- Supplied data:
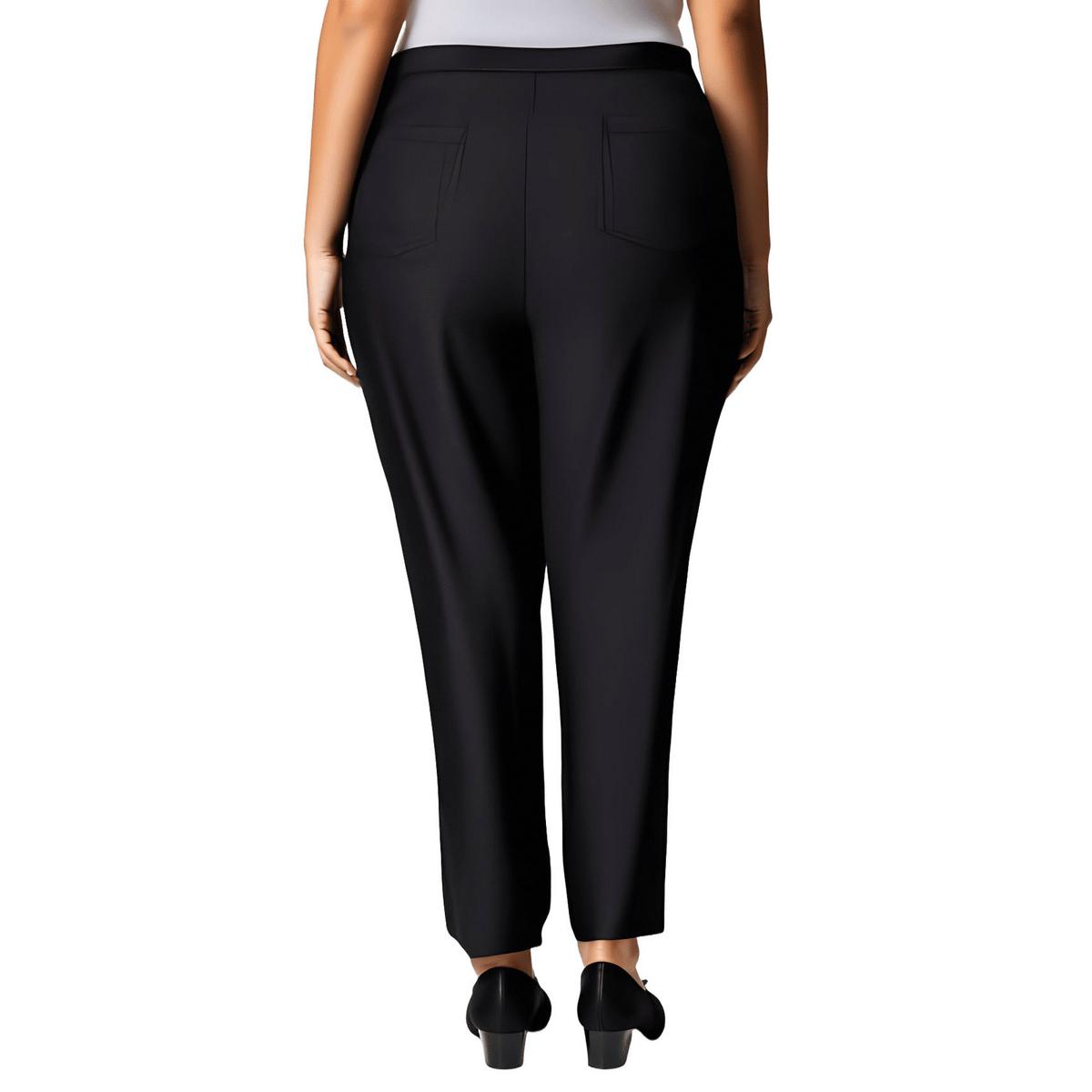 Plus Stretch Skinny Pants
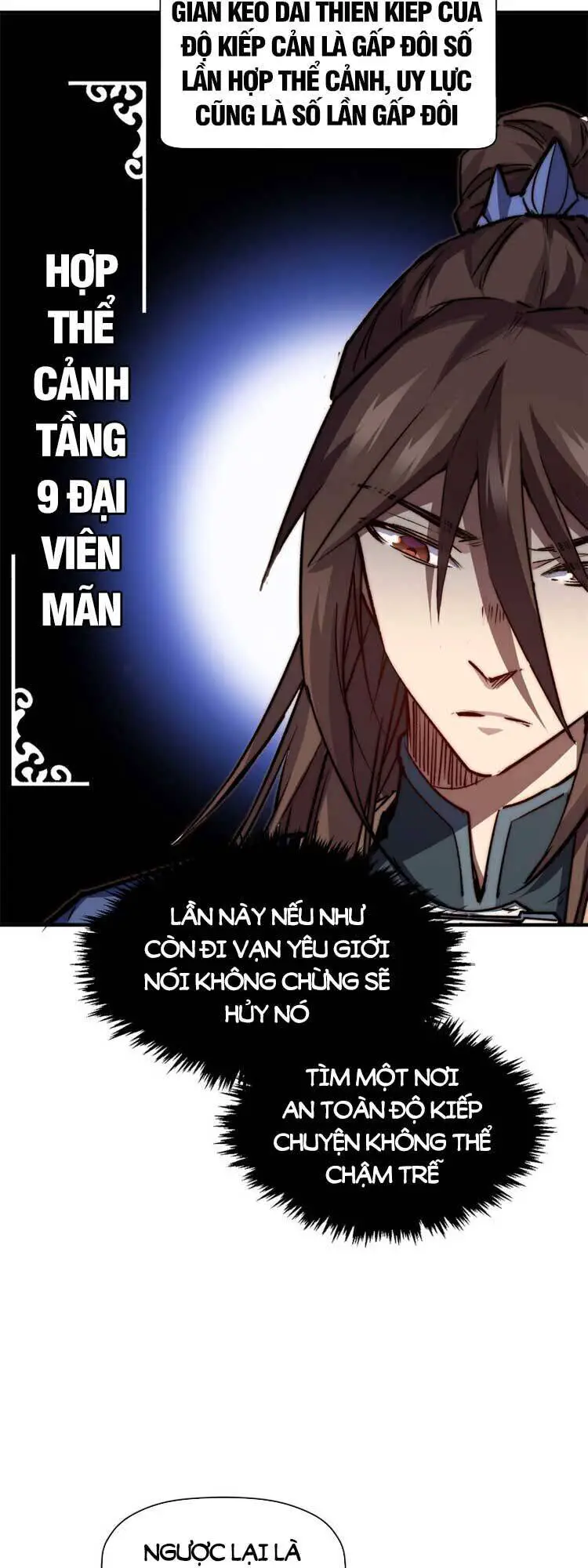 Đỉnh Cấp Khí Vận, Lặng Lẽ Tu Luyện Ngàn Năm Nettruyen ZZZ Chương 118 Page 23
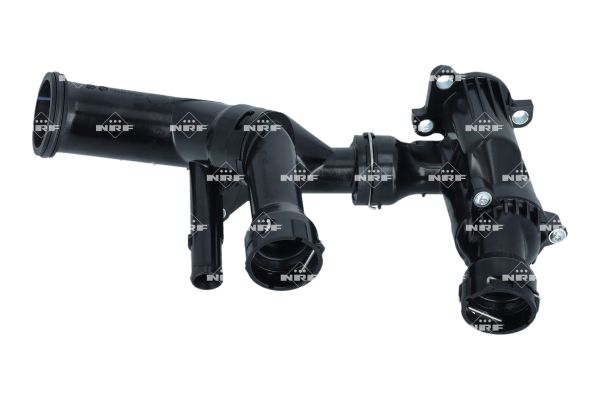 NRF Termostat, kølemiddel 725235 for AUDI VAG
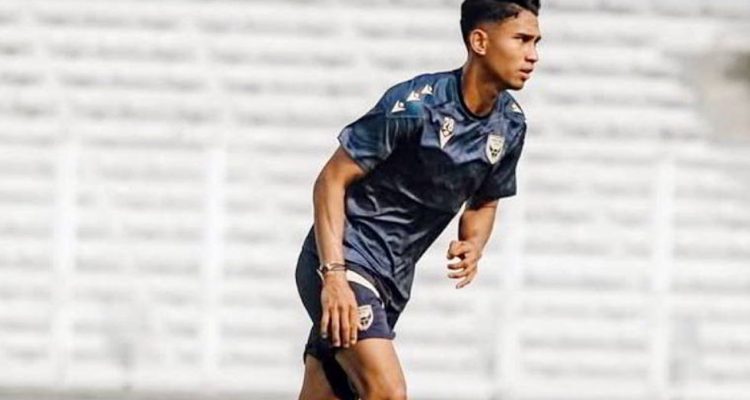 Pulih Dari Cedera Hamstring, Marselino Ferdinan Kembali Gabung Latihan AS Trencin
--
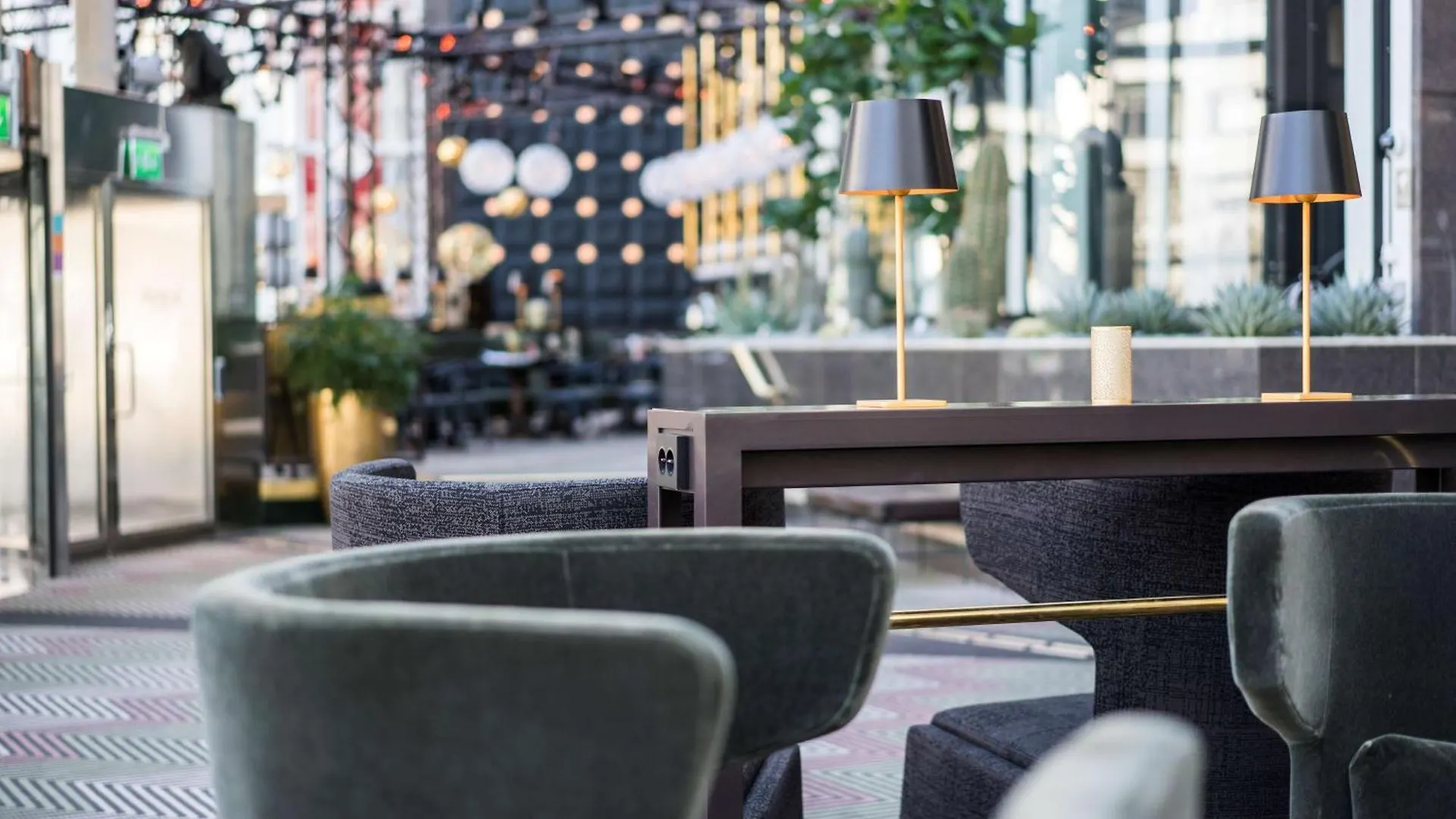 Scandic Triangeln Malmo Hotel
...
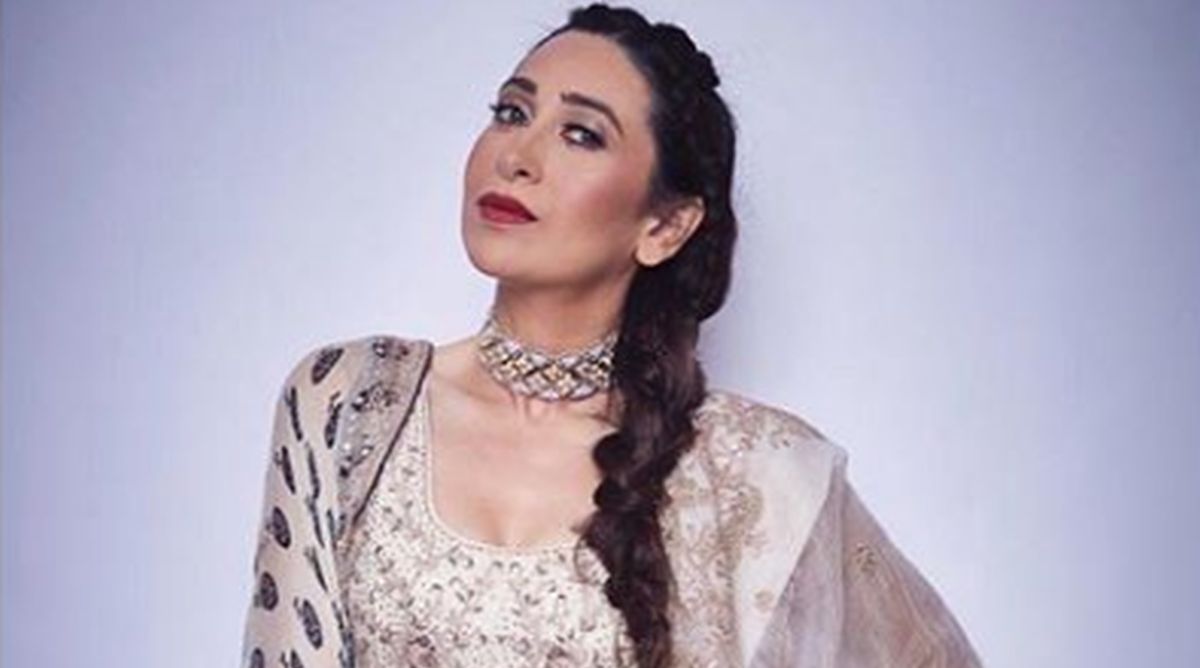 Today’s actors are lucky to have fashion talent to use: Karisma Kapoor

- Problem details:
Reproduce word for word, with pictures dropped, only the part of the material above that opens with the line containing "Plus Stretch Skinny Pants" and closes with the line containing "Pulih Dari Cedera".

- Answer space:
 Plus Stretch Skinny Pants
 Đỉnh Cấp Khí Vận, Lặng Lẽ Tu Luyện Ngàn Năm Nettruyen ZZZ Chương 118 Page 23
 NRF Termostat, kølemiddel 725235 for AUDI VAG
 Pulih Dari Cedera Hamstring, Marselino Ferdinan Kembali Gabung Latihan AS Trencin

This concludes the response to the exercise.